Re: [OMPI users] Setting LD_LIBRARY_PATH for orted

2017-08-22 Thread Jackson, Gary L.
Yup. It looks like I’m stuck with .bashrc.

Thank you all for the suggestions.

-- 
Gary Jackson, Ph.D.
Johns Hopkins University Applied Physics Laboratory

On 8/22/17, 1:07 PM, "users on behalf of r...@open-mpi.org" 
<users-boun...@lists.open-mpi.org on behalf of r...@open-mpi.org> wrote:

I’m afraid not - that only applies the variable to the application, not the 
daemons.

Truly, your only real option is to put something in your .bashrc since you 
cannot modify the configure.

Or, if you are running in a managed environment, you can ask to have your 
resource manager forward your environment to the allocated nodes.

> On Aug 22, 2017, at 9:10 AM, Bennet Fauber <ben...@umich.edu> wrote:
> 
> Would
> 
>$ mpirun -x LD_LIBRARY_PATH ...
> 
> work here?  I think from the man page for mpirun that should request
> that it would would export the currently set value of LD_LIBRARY_PATH
> to the remote nodes prior to executing the command there.
> 
> -- bennet
> 
    > 
    > 
> On Tue, Aug 22, 2017 at 11:55 AM, Jackson, Gary L.
> <gary.jack...@jhuapl.edu> wrote:
>> I’m using a build of OpenMPI provided by a third party.
>> 
>> --
>> Gary Jackson, Ph.D.
>> Johns Hopkins University Applied Physics Laboratory
>> 
>> On 8/21/17, 8:04 PM, "users on behalf of Gilles Gouaillardet" 
<users-boun...@lists.open-mpi.org on behalf of gil...@rist.or.jp> wrote:
>> 
>>Gary,
>> 
>> 
>>one option (as mentioned in the error message) is to configure Open 
MPI
>>with --enable-orterun-prefix-by-default.
>> 
>>this will force the build process to use rpath, so you do not have to
>>set LD_LIBRARY_PATH
>> 
>>this is the easiest option, but cannot be used if you plan to relocate
>>the Open MPI installation directory.
>> 
>> 
>>an other option is to use a wrapper for orted.
>> 
>>mpirun --mca orte_launch_agent /.../myorted ...
>> 
>>where myorted is a script that looks like
>> 
>>#!/bin/sh
>> 
>>export LD_LIBRARY_PATH=...
>> 
>>exec /.../bin/orted "$@"
>> 
>> 
>>you can make this setting system-wide by adding the following line to
>>/.../etc/openmpi-mca-params.conf
>> 
>>orte_launch_agent = /.../myorted
>> 
>> 
>>Cheers,
>> 
>> 
>>Gilles
>> 
>> 
>>On 8/22/2017 1:06 AM, Jackson, Gary L. wrote:
>>> 
>>> I’m using a binary distribution of OpenMPI 1.10.2. As linked, it
>>> requires certain shared libraries outside of OpenMPI for orted itself
>>> to start.
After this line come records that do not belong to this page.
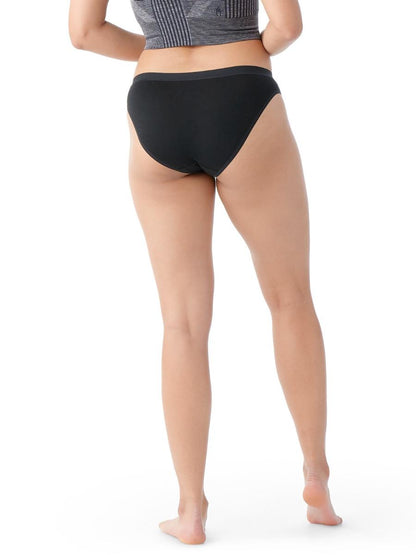 Smartwool - Merino Bikini Boxed - Women's - Black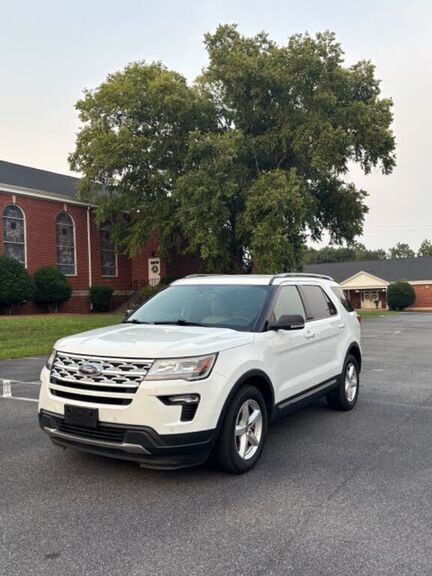 2019 FORD Explorer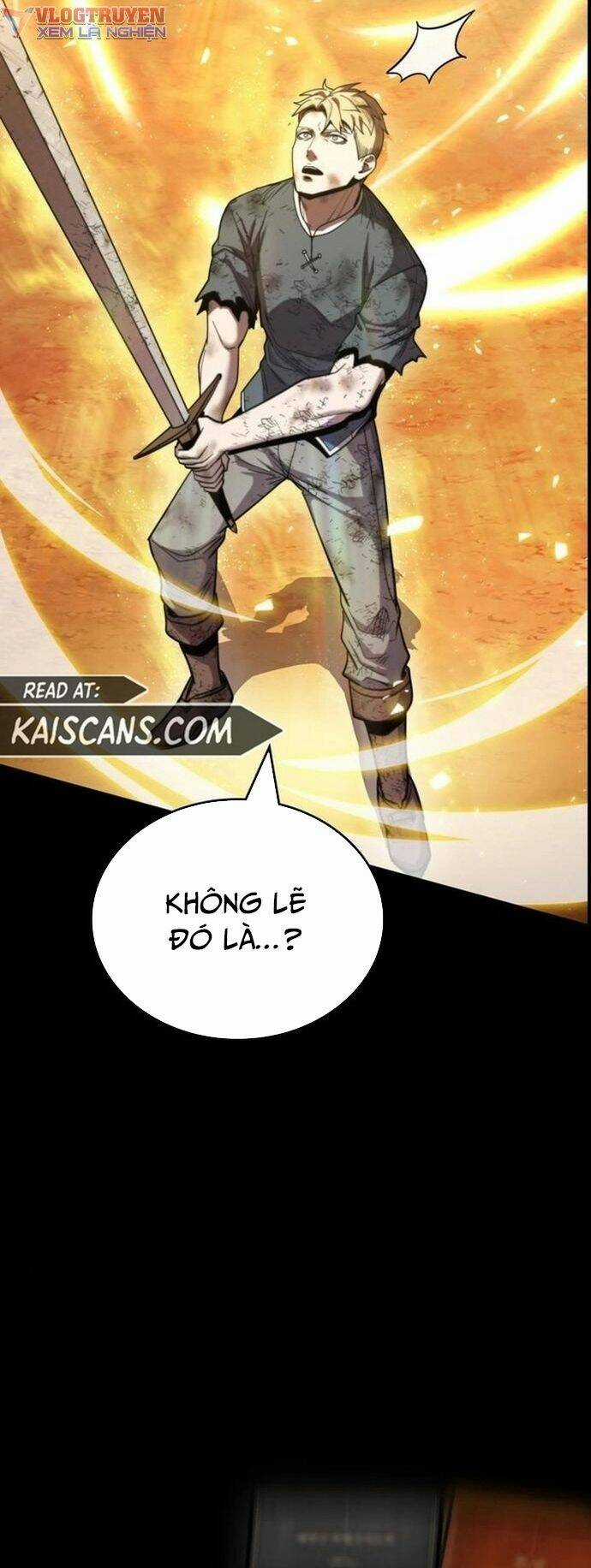 Thánh Kỵ Sĩ Trong Thế Giới Ảo Đen Tối Chapter 2 trang 54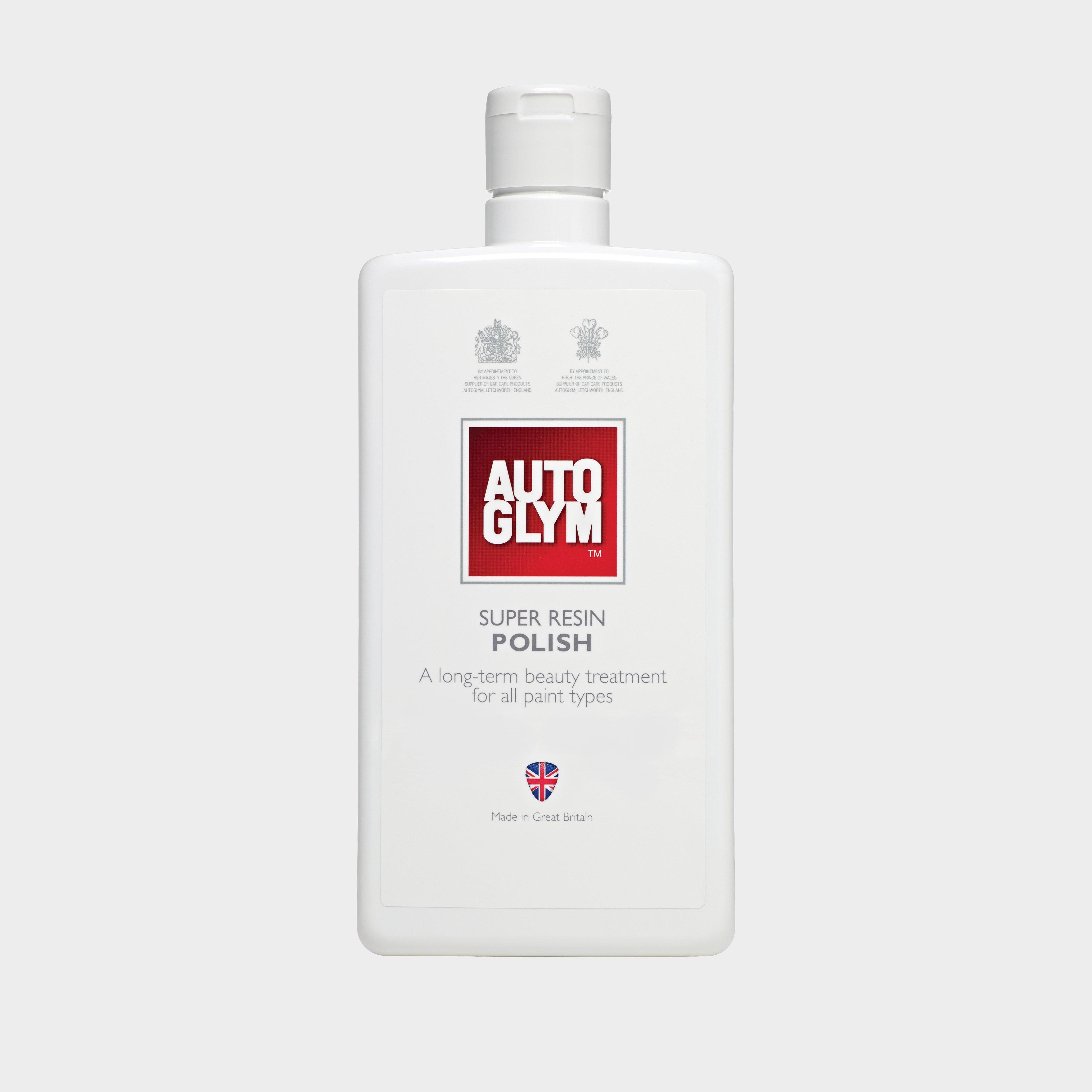 Image of Autoglym Super Resin Polish 500Ml, 500ML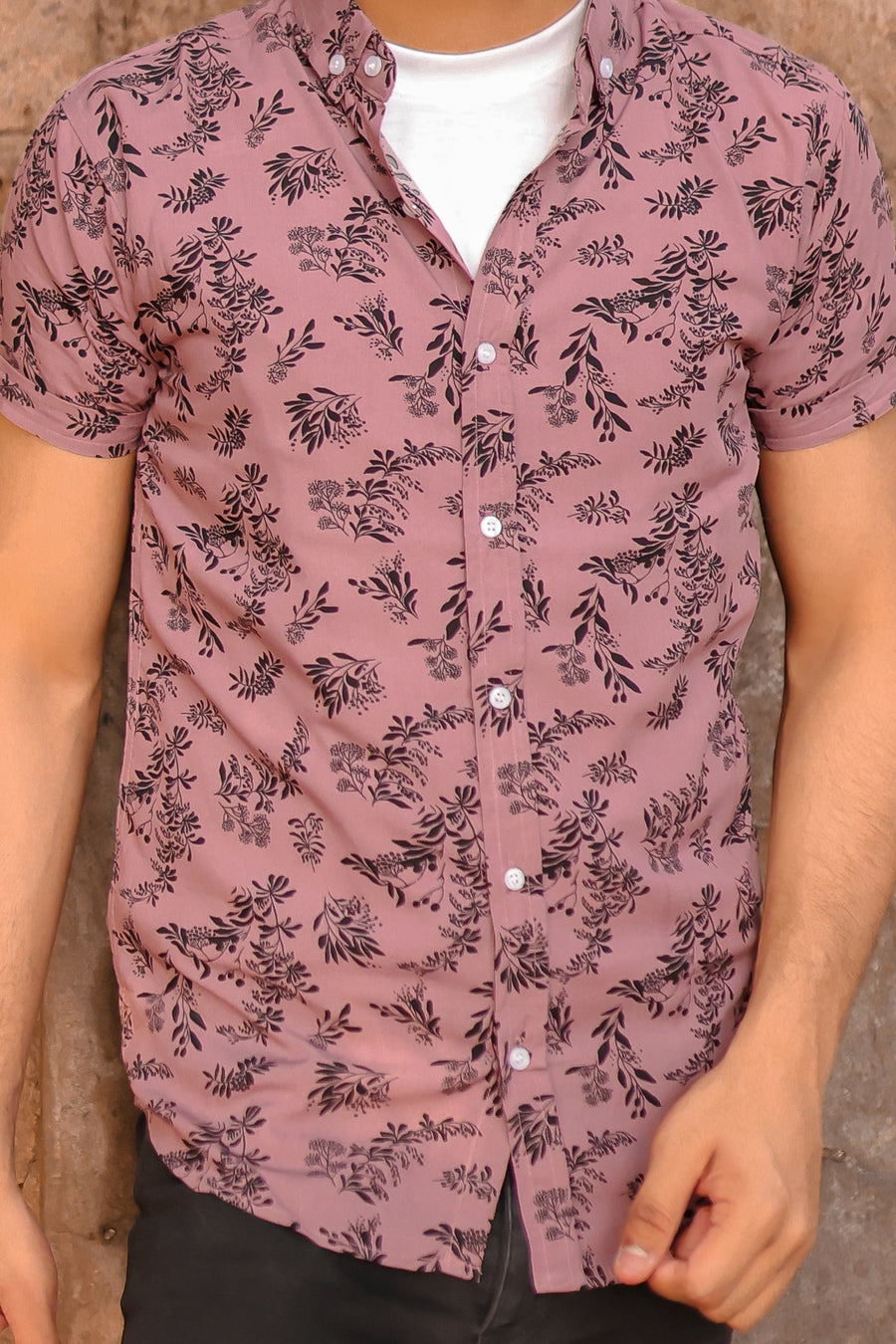 Floral Finesse Shirt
So, passing in LD_LIBRARY_PATH with the “-x” flag to mpirun
>>> doesn’t do anything:
>>> 
>>> $ mpirun –hostfile ${HOSTFILE} -N 1 -n 2 -x LD_LIBRARY_PATH hostname
>>> 
>>> /path/to/orted: error while loading shared libraries: LIBRARY.so:
>>> cannot open shared object file: No such file or directory
>>> 
>>> 
--
>>> 
>>> ORTE was unable to reliably start one or more daemons.
>>> 
>>> This usually is caused by:
>>> 
>>> * not finding the required libraries and/or binaries on
>>> 
>>> one or more nodes. Please check your PATH and LD_LIBRARY_PATH
>>> 
>>> settings, or configure OMPI with --enable-orterun-prefix-by-default
>>> 
>>> * lack of authority to execute on one or more specified nodes.
>>> 
>>> Please verify your allocation and authorities.
>>> 
>>> * the inability to write startup files into /tmp
>>> (--tmpdir/orte_tmpdir_base).
>>> 
>>> Please check with your sys admin to determine the correct location to 
use.
>>> 
>>> * compilation of the orted with dynamic libraries when static are 
required
>>> 
>>> (e.g., on Cray). Please check your configure cmd line and consider using
>>> 
>>> one of the contrib/platform definitions for your system type.
>>> 
>>> * an inability to create a connection back to mpirun due to a
>>> 
>>> lack of common network interfaces and/or 

Re: [OMPI users] Setting LD_LIBRARY_PATH for orted

2017-08-22 Thread Jackson, Gary L.
I’m using a build of OpenMPI provided by a third party.

-- 
Gary Jackson, Ph.D.
Johns Hopkins University Applied Physics Laboratory

On 8/21/17, 8:04 PM, "users on behalf of Gilles Gouaillardet" 
<users-boun...@lists.open-mpi.org on behalf of gil...@rist.or.jp> wrote:

Gary,


one option (as mentioned in the error message) is to configure Open MPI 
with --enable-orterun-prefix-by-default.

this will force the build process to use rpath, so you do not have to 
set LD_LIBRARY_PATH

this is the easiest option, but cannot be used if you plan to relocate 
the Open MPI installation directory.


an other option is to use a wrapper for orted.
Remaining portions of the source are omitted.